她的语气恢復了平时的轻快,但耳根还是红的,双手交叠放在被子上。
“反正爸爸妈妈不在,我们想什么时候起床就什么时候起。”
“嗯。”言秋也平躺下来,和她並排看著天花板。
晨光从窗帘缝隙里漏进来,把那道银线换成了淡金色。
大橘从床尾跳回来,重新在他枕头上方蜷成一团。
又躺了一会儿,沈诗情盯著天花板上的光斑,忽然开口。
“秋秋。”
“嗯。”
“我饿了。
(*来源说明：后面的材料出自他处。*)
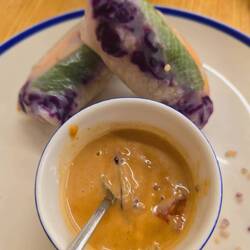 An amazing vego restaurant called Curcumin... springs rolls & guacamole went down a treat! 😋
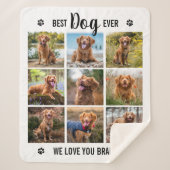 Moderne beste hond ooit White Photo Collage Sherpa Deken (Voorkant)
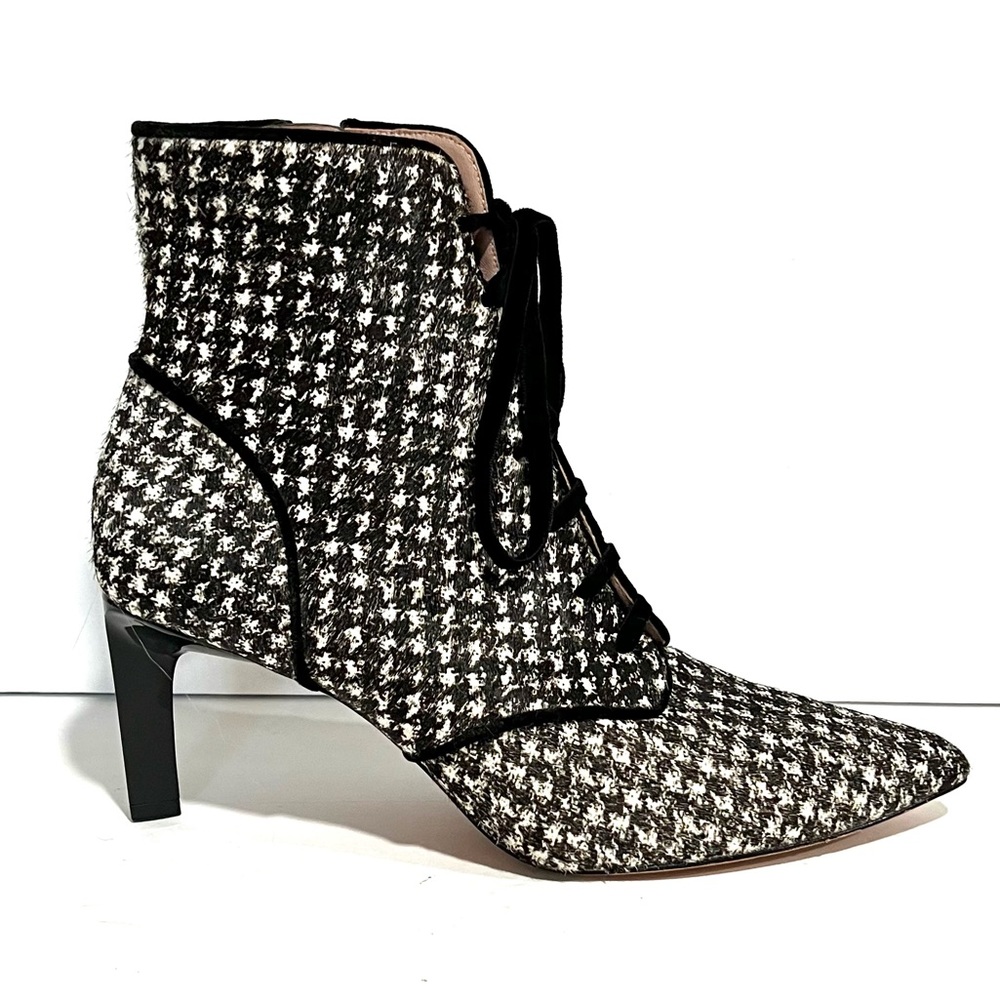 NWT AD & Daughters Tanvi Lace up Houndstooth 3” Heel Stiletto Zip Ankle Boot 7
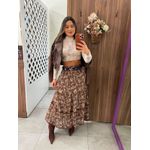 Saia Midi Marrom Floral Angel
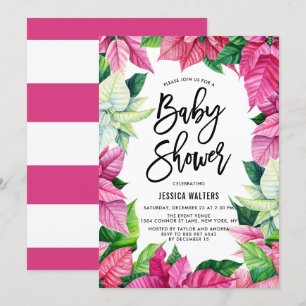 Vattenfärgsprogram Rosa Poinsettias Blommigt Babyk Inbjudningar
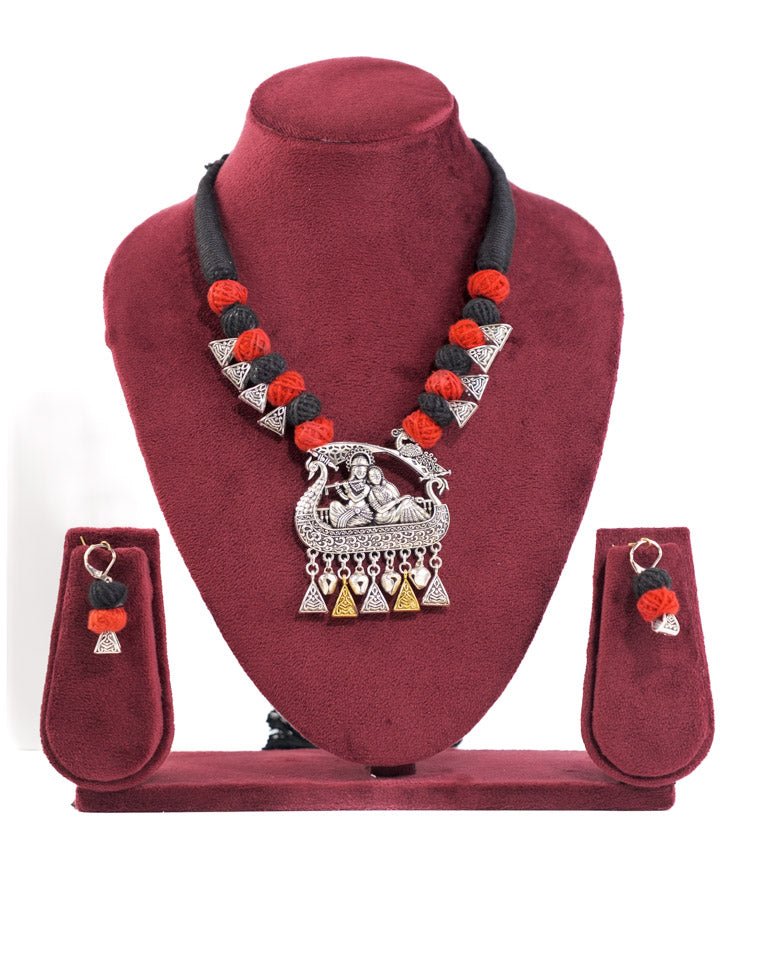 Threaded Oxidized Necklace Set - shop_name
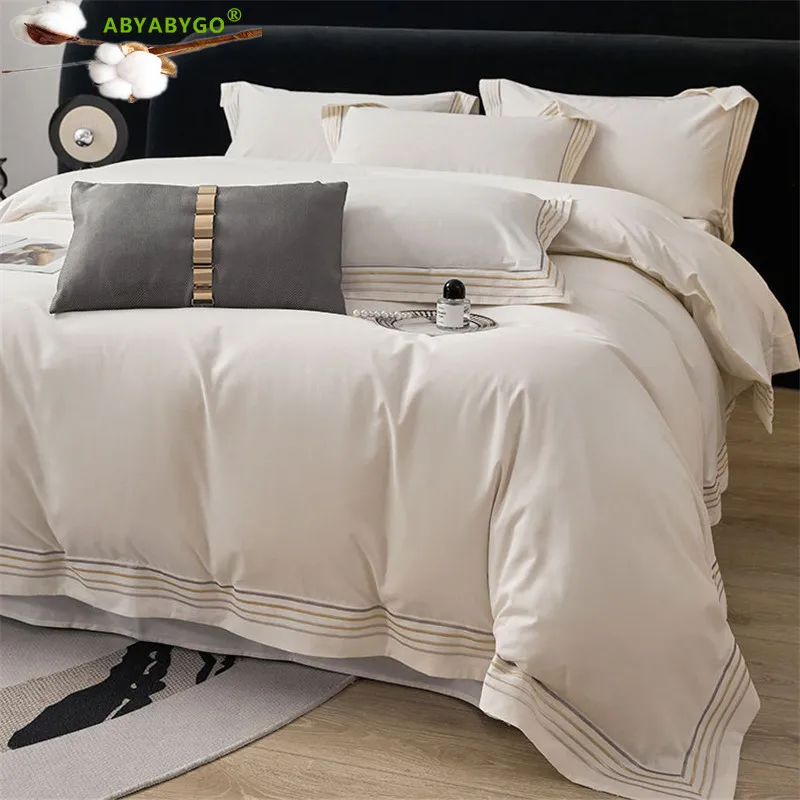 Egyptian Cotton Bedding Set Luxury Queen King Size Brushed Cotton Duvet Cover Set Bed Sheet and Pillowcases Comforter Bed Sets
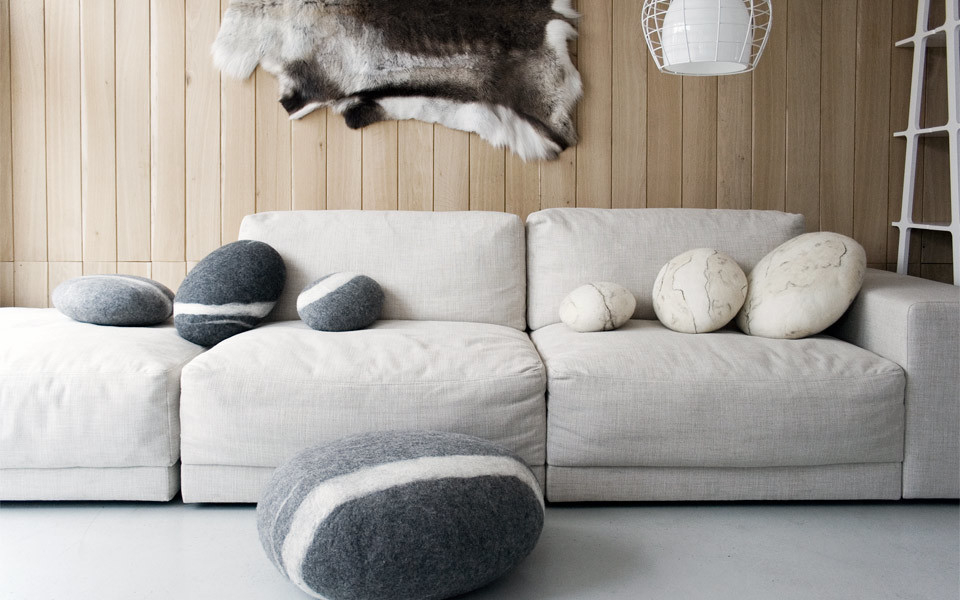 Stone Pillow Felt cushion dark gray Fivetimesone SINGLE PIECES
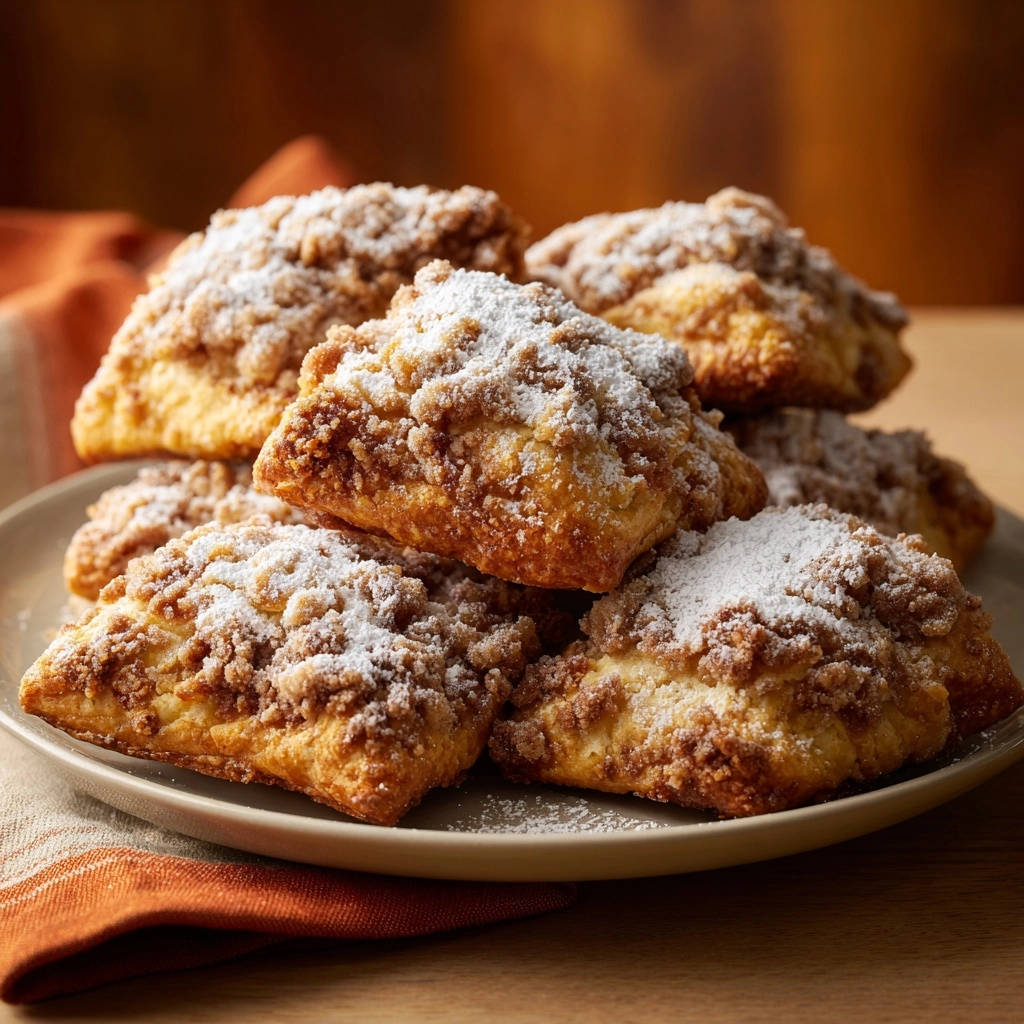 Gemütliche Streusel-Küchlein mit Puderzucker bestäubt, eine Nahaufnahme der Textur und des Toppings.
”沈诗情偏头看他,“昨天买的包子放冰箱了,不过我想出去吃。
巷口那家早点铺,昨天路过的时候我看到蒸笼冒著白气,闻起来特別香。”
“那就出去吃。”他从被子里坐起来,趿拉著拖鞋去洗漱。
两个人洗漱完,换好衣服。
沈诗情穿了白色短袖和牛仔裤,把头髮扎成马尾,言秋还是白色短袖配深蓝色长裤,和她並排站在洗手台镜子前刷牙。
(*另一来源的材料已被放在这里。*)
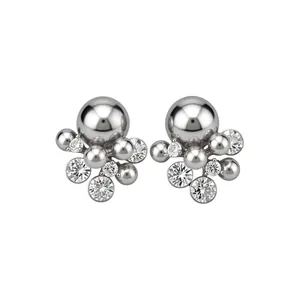 Elegant silver stud earrings featuring zircon clusters and metallic pearls on white background
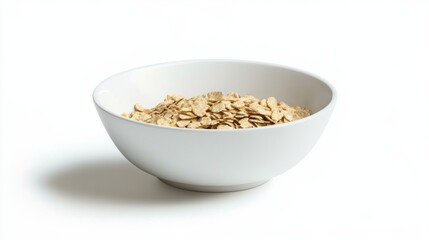 Poster - Minimalist Bowl of Golden Cereal Flakes on White Backdrop Simple Breakfast Concept Clean Eating Still Life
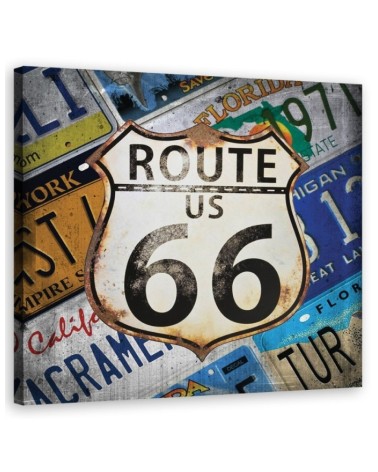 Route 66 Kolorowy - Obraz ścienny do sypialni | FEEBY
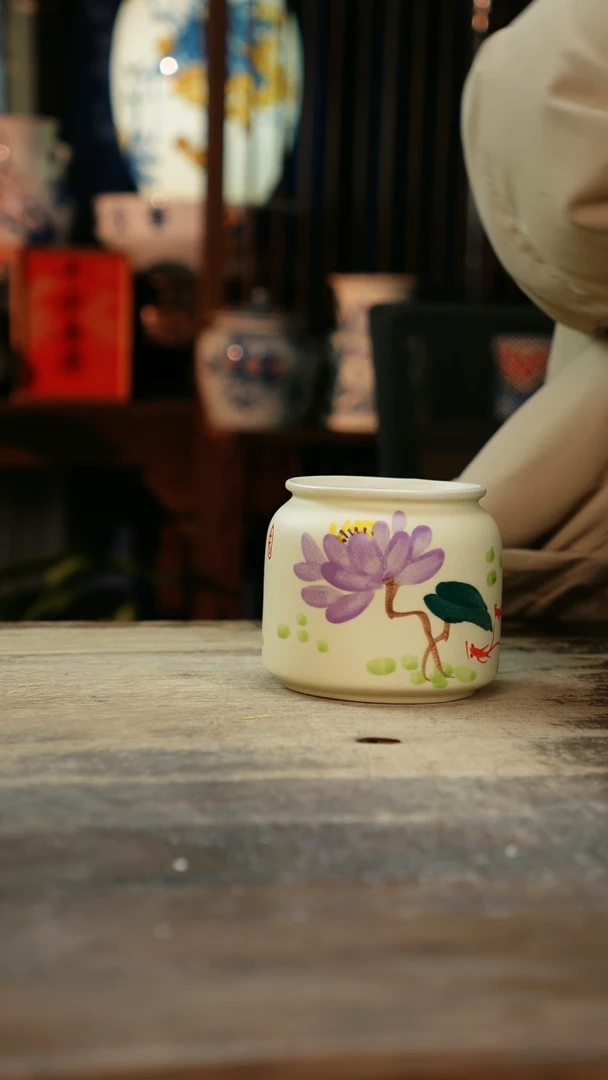 【闪购商品】瓷片景德镇纯手工釉下彩精品花瓶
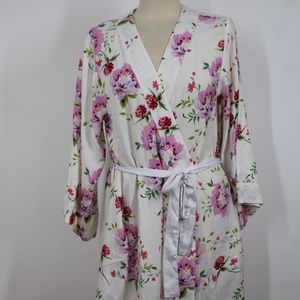NWT Yumi Kim Dream Lover M Pink White Floral Kimono Belt Mid-Length Robe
她鼓著腮帮子含糊不清地说了句什么,大概是“你牙膏沫蹭到下巴了”。
他低头漱口,用毛巾擦了擦下巴。
推开单元门,清晨的阳光从桂花树叶缝里漏下来,石板路上洒了一地晃动的光斑,空气里有股淡淡的桂花香,混著巷口飘来的包子蒸汽和豆浆的甜味。
巷口早点铺的蒸笼冒著白气。
老板娘正用长筷子夹出刚蒸好的包子,麵皮白白胖胖的,褶子捏得整整齐齐。
几张矮桌支在路边,桌面上铺著红白格子的塑料布,旁边还支著一个小麵摊,老板正在拉麵,麵团在案板上摔得啪啪响。
沈诗情踮著脚看蒸笼里的包子,朝著老板娘说:“要两个肉包子,两个菜包,两杯豆浆。”
“好嘞。”老板娘麻利地夹好包子,又拿了两个一次性纸杯装好豆浆,放在托盘上递了过来。
言秋付了钱,端著托盘找了张靠桂花树的矮桌坐下。
沈诗情拿起菜包咬了一口,腮帮子鼓鼓的,眼睛眯了起来。
“这个包子比我们以前小区门口那家好吃。”
她用手背蹭了蹭嘴角的包子屑,把包子举到他面前晃了晃,“皮更薄,馅更多,菜馅里还放了香菇。”
“那以后早上就来这里吃。”言秋端起豆浆喝了一口。
“好,反正走路不到两分钟。”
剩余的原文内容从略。